This event is free and open to all, but save your seat and your copy of the book through the link below!
In the fall of 2018, a bomb goes off at a water-bottling plant in the mountains of southwest Virginia, an incident the FBI declares an act of ecoterrorism. Arrested at the scene is Chris Bright, a mountain hermit with a long history of activism. Unaccounted for—and presumed dead—is Mara Wood, an installation artist who in the last two years has lost her son and left her husband.
But Mara’s estranged husband David cannot quite believe she is dead, and as he goes about reconstructing the story of what happened, he begins to imagine an alternate narrative—one in which their son doesn’t die and his wife doesn’t leave him, one in which his wife doesn’t carry on a secret relationship with Chris Bright, a man bent on fighting back against the environmental despoliation of his Appalachian home.
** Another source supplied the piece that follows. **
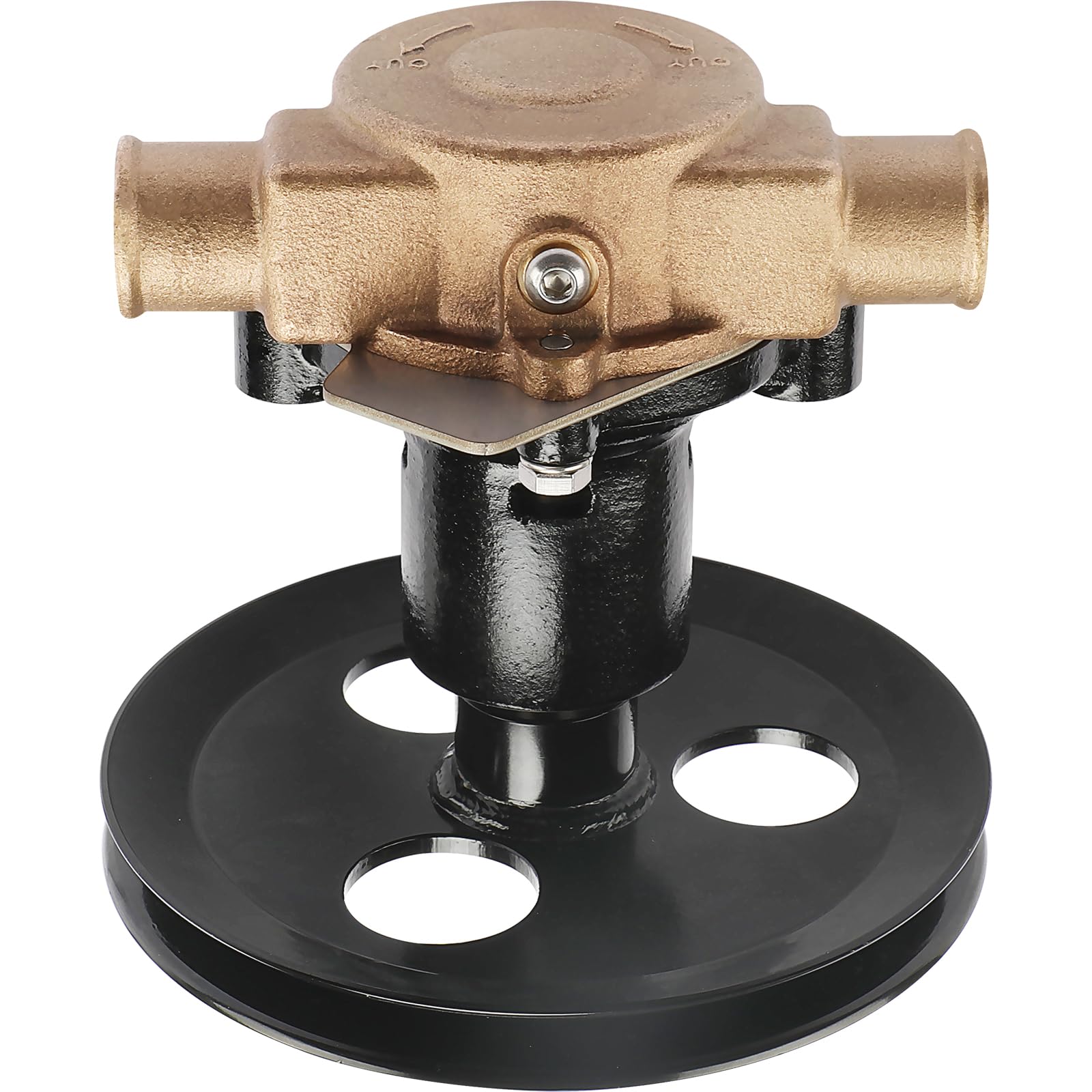 18830-0010, RA057007 Raw Sea Water Impeller Pump RA057007, Replacement for Sherwood Pleasurecraft & Ski boat G20, G21, 302, 351, Jabsco 18830-0010, Ford marine 5.0, 5.8, 351, 302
Lioness is a page-turning, heart-wrenching examination of extremism: What pushes people to act violently, and is that violence ever justified?
Mark Powell is the author of seven previous novels including Small Treasons (2017, Gallery/Simon and Schuster), and Lioness from West Virginia UP. He has received fellowships from the National Endowment for the Arts, the Breadloaf and Sewanee Writers' Conferences, and twice from the Fulbright Foundation to Slovakia and Romania. He directs the creative writing program at Appalachian State University in Boone, NC.
Deno Trakas is the former chair of the English Department and coordinator of the creative writing program at Wofford College. He's been a Hub City writer from the beginning and is the author of two chapbooks of poetry, a memoir, Because Memory Isn't Eternal, and a novel, Messenger from Mystery. His novel in progress is The Admiral of Smyrna.